▸ **What the exercise asks**: Please transcribe the listing that follows exactly; images are to be excluded.

▸ **Given information**:
BEGIN
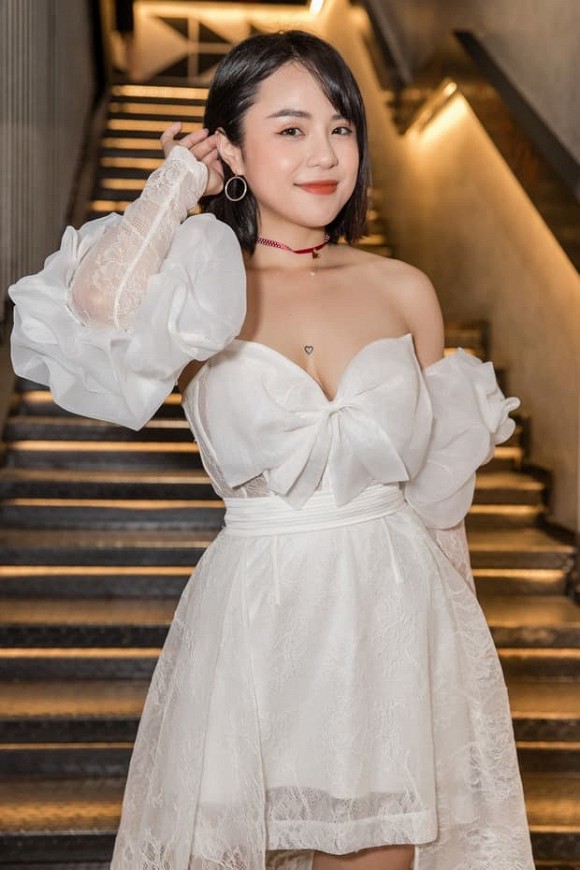 chuyen showbiz: dam thu trang tai xuat rang ro sau khi sinh con gai hinh 3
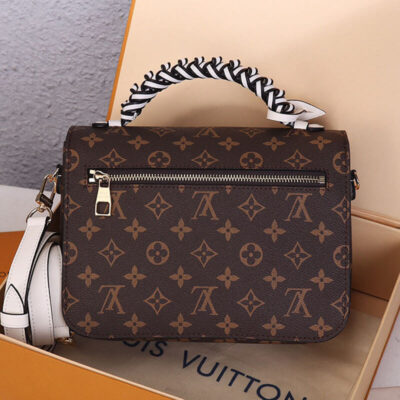 Alternative view of LV Pochette Metis Handbag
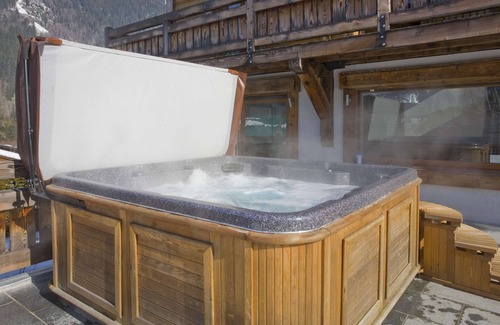 Chamonix-Mont-Blanc Ski Chalet | Luxury 6 bedroom chalet, spa, pool table, gym, walking distance to Chamonix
END
▸ **Written response**:
 chuyen showbiz: dam thu trang tai xuat rang ro sau khi sinh con gai hinh 3
 Alternative view of LV Pochette Metis Handbag
 Chamonix-Mont-Blanc Ski Chalet | Luxury 6 bedroom chalet, spa, pool table, gym, walking distance to Chamonix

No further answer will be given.